En nuestra historia, los museos fueron al principio- gabinetes de curiosidades de personas ricas, de instituciones que tenían en esas colecciones la demostración de un prestigio que dominaba al mundo, con las curiosidades que venían de todas partes. Esto es así, por ejemplo el Museo Británico que tiene una pirámide de Egipto adentro y es un popurrí de cosas, lo que está diciendo es que ellos dominaban el mundo, por el imperialismo de esa época. Después pasamos muchos años en donde los museos pasaron a ser efectivamente el lugar del aburrimiento o hasta del castigo para los empleados públicos: los mandaban al archivo o al museo, y eso es indicador de la situación que tenemos con el patrimonio que es del público. Los museos son aburridos porque no podemos tocar, por ejemplo. También están los museos del prohibido no tocar, pero los museos se convirtieron en el templo de lo intocable y por eso eran tan aburridos.
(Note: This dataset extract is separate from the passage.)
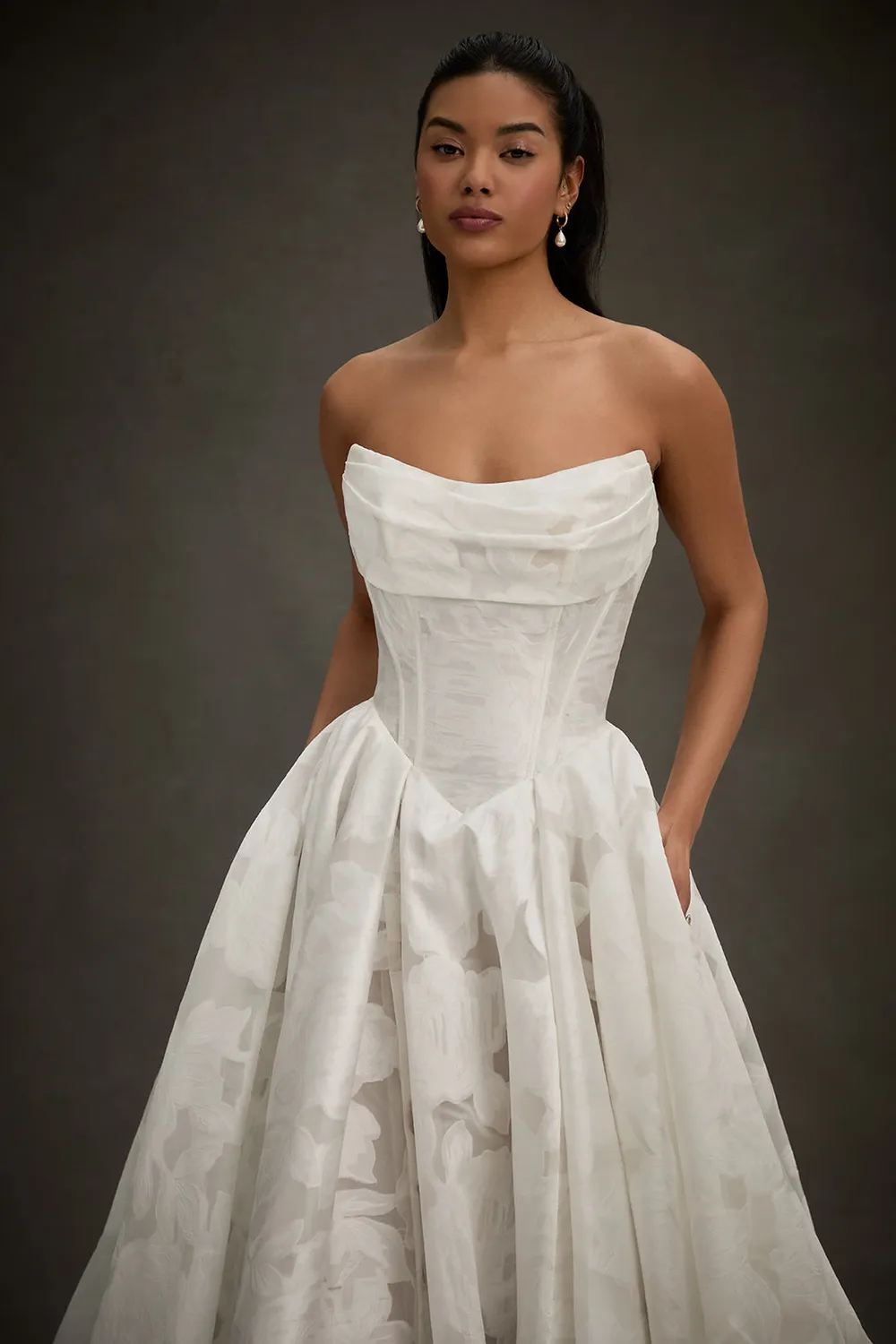 Allure Bridal Madison James MJ1278 Catalina brudekjole mocha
¿Hoy en día eso se ha revertido?
Claro, ya no es así. Hoy hay interacción, es como entrar en una película y formar parte de una experiencia sensorial de todo tipo. Eso es muy importante porque participamos del patrimonio, le podemos sacar fotos. Antes eso no se podía hacer, hoy se incentiva a conocer y manejar el conocimiento. Vivimos en la sociedad de la información y el que más conoce puede tomar siempre mejores decisiones, es una cuestión social. Decidir sobre el patrimonio es pensar en el futuro, entonces el museo y el museólogo tiene un rol estratégico en el diseño del futuro. Como profesionales, junto a los conservadores, arqueólogos e historiadores, nos pasamos la vida haciendo proyectos y , en ese sentido, somos muy parecidos a otras disciplinas como la arquitectura y la ingeniería. Esos proyectos son siempre sociales.
¿Qué implica el lema "Para una sociedad sostenible"?
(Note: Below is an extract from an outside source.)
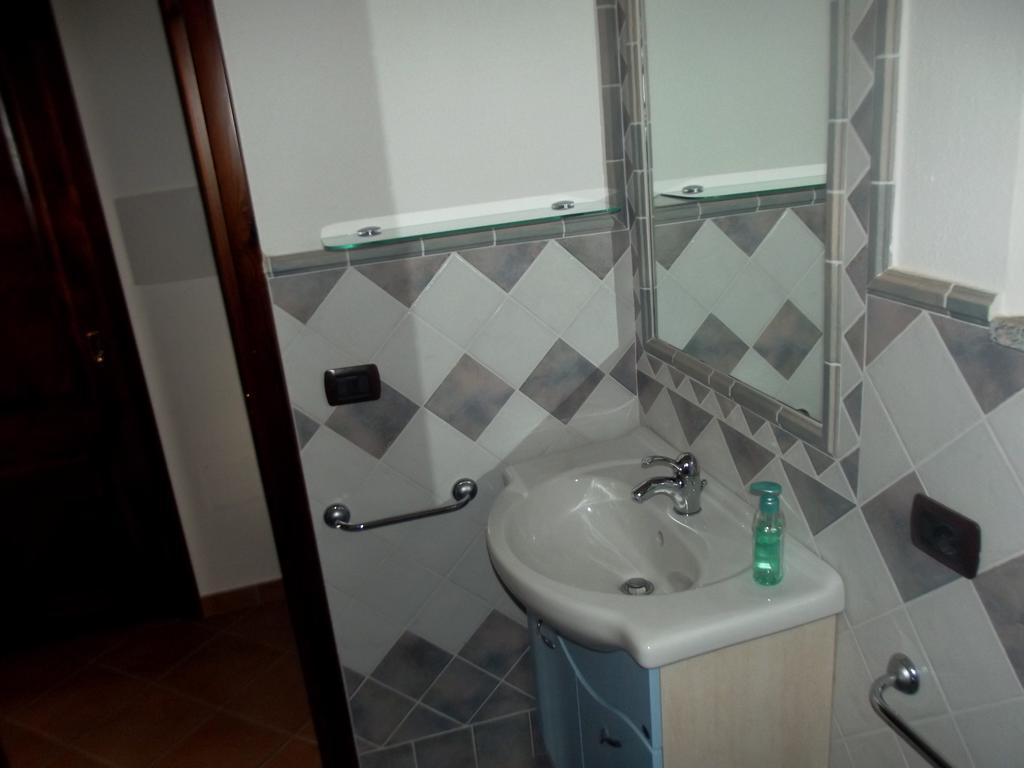 Casa Elena Daire Cala Gonone Oda fotoğraf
Implica el manejo del patrimonio de una manera responsable, presente. Eso es importante decirlo, porque en general muchos bienes culturales se preservan en función de las generaciones futuras, pero también hay que verlo en función del presente. Si no, queda en algo muy paradójico.
Sé que Salta tiene muchos museos, muchísima cultura, con todo lo que son sus diferentes ambientes naturales. El centro de Salta también tiene la universidad, el Museo de Alta Montaña que es importante conocer y también entender su complejidad.
¿Cómo se pueden interesar los más chicos por los museos?
Los más pequeños, desde jardín de infantes, al ser parte de la comunidad escolar, la escuela tiene una responsabilidad fundamental. Tener un buen maestro es fundamental. El trabajo con los maestros en la capacitación y formación en la gestión del patrimonio histórico es vital. Salta tiene muchas comunidades de pueblos originarios y estos pueblos también tienen educación intercultural. Lo que se aprende en la casa tiene su reflejo en la vida cotidiana, en la escuela y en museo. Desde este punto de vista, es importante que los más chicos participen en eso: en el armado de clubes de ciencias o en el desarrollo de la propia lengua, en otros trabajos.
Además, hay que considerar que la escuela es un camino que se inicia y que sigue toda la vida. Uno aprende muchas cosas en un trabajo manual, por ejemplo, con todos esos conocimientos que tiene el noroeste referido a la tierra, a los vegetales y al cielo. Es decir, hay muchos temas culturales que se reflejan en esa sabiduría que trae la familia y que son muy importantes para relacionarse con los más chicos y con el futuro.